→ YOUR GOAL: In your copy, include every line of the listing below exactly but none of the pictures.

→ SOURCE MATERIAL:
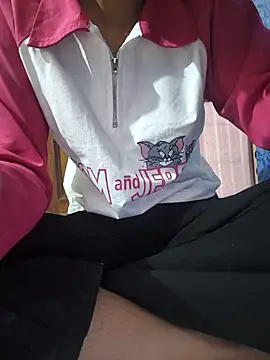 Snapshot of Aaradhna-hoy chatting on 10/30/25, 09:33 Aaradhna-hoy online show from 10/30/25, 09:33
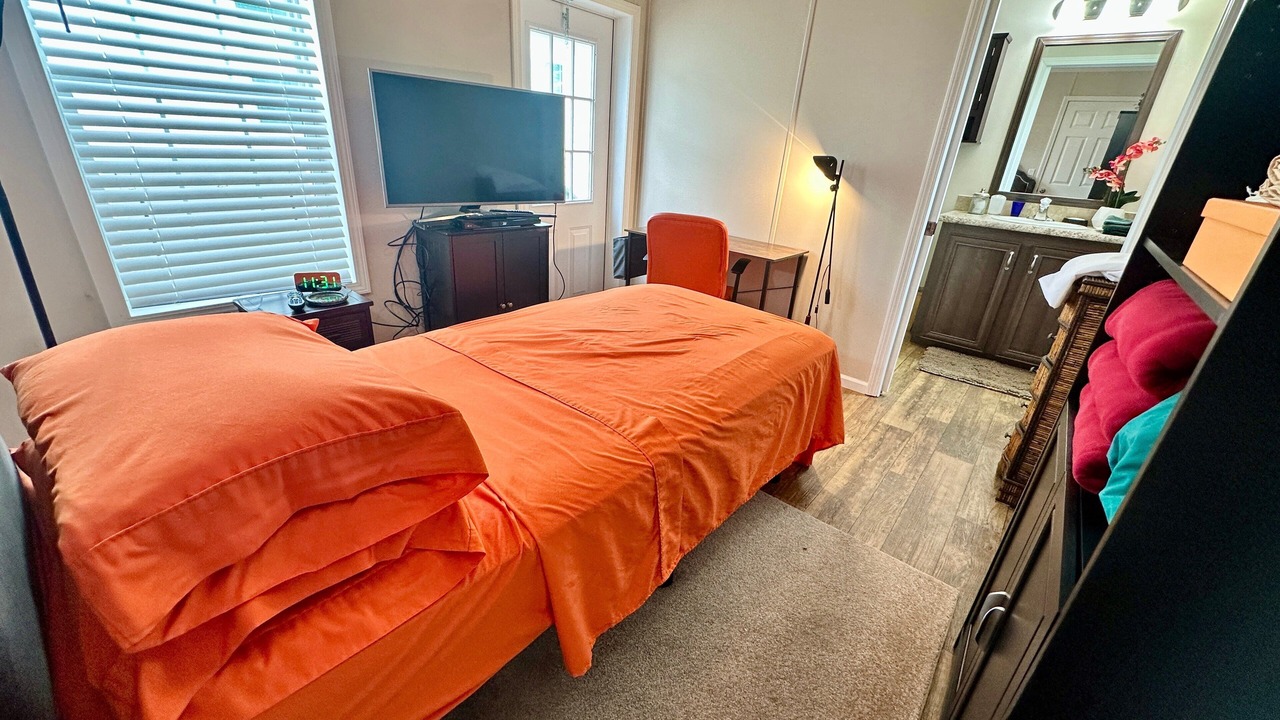Photo of Bedroom in Nettles Island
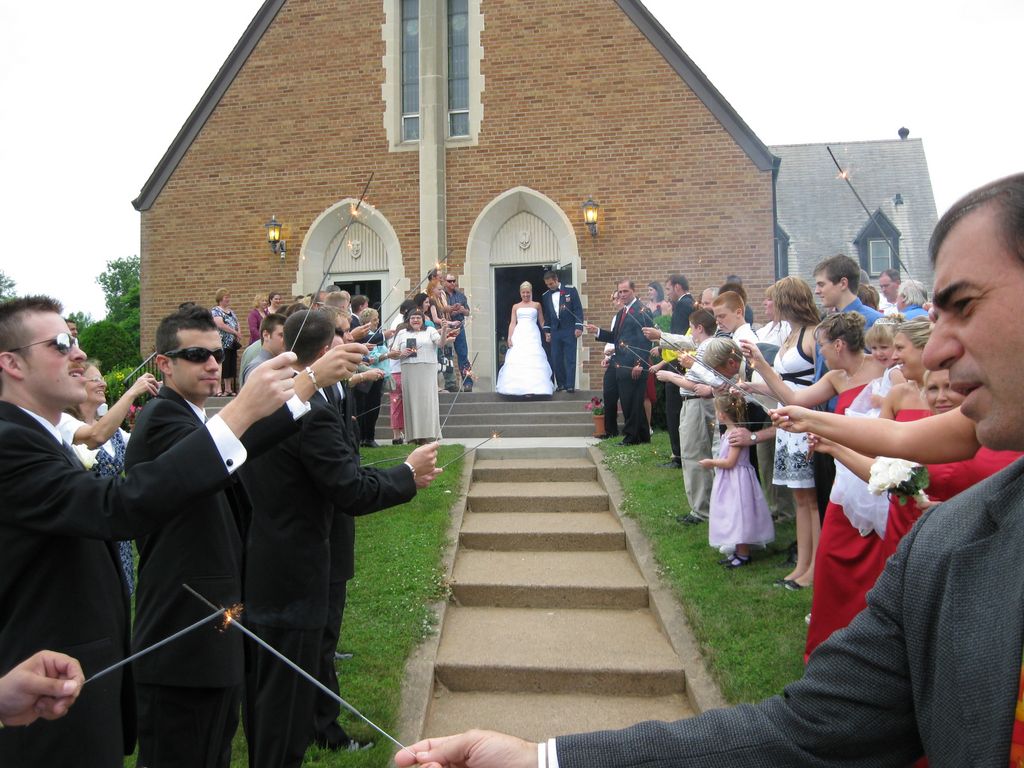 07_04_wedding_a_c_exit_04.jpg (large)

→ RESPONSE TO THE TASK:
 Snapshot of Aaradhna-hoy chatting on 10/30/25, 09:33 Aaradhna-hoy online show from 10/30/25, 09:33
Photo of Bedroom in Nettles Island
 07_04_wedding_a_c_exit_04.jpg (large)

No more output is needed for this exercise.